_What is being asked_
Copy word for word the lines in the records below, starting at the line with "Le Corbusier's Modulor" and ending at the line with "Bratpfanne Schmiedeeisern Serie". Skip the pictures.

_Provided records_
------------

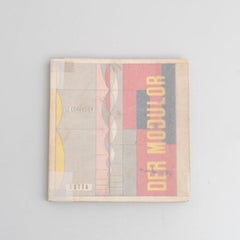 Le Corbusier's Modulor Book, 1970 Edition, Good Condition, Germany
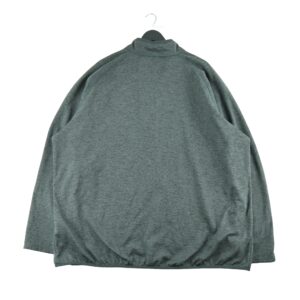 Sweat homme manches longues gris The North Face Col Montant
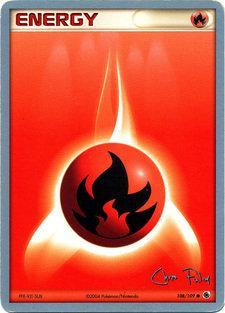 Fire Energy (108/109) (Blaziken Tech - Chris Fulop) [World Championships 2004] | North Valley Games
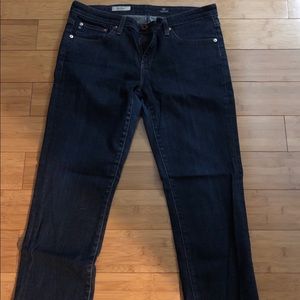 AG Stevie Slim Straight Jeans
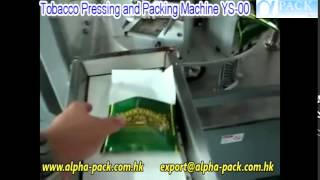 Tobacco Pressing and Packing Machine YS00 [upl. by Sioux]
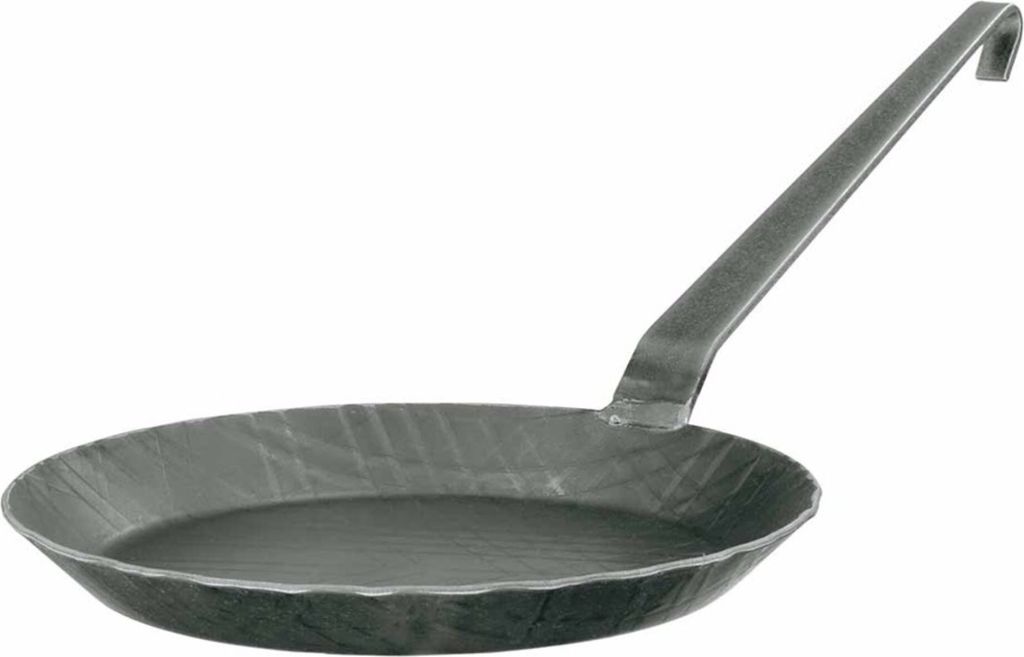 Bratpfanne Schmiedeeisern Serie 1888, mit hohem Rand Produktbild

------------

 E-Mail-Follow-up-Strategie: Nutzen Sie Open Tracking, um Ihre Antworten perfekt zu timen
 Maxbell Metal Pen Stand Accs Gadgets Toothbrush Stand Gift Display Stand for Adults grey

------------

_Answer_
 Le Corbusier's Modulor Book, 1970 Edition, Good Condition, Germany
 Sweat homme manches longues gris The North Face Col Montant
 Fire Energy (108/109) (Blaziken Tech - Chris Fulop) [World Championships 2004] | North Valley Games
 AG Stevie Slim Straight Jeans
 Tobacco Pressing and Packing Machine YS00 [upl. by Sioux]
 Bratpfanne Schmiedeeisern Serie 1888, mit hohem Rand Produktbild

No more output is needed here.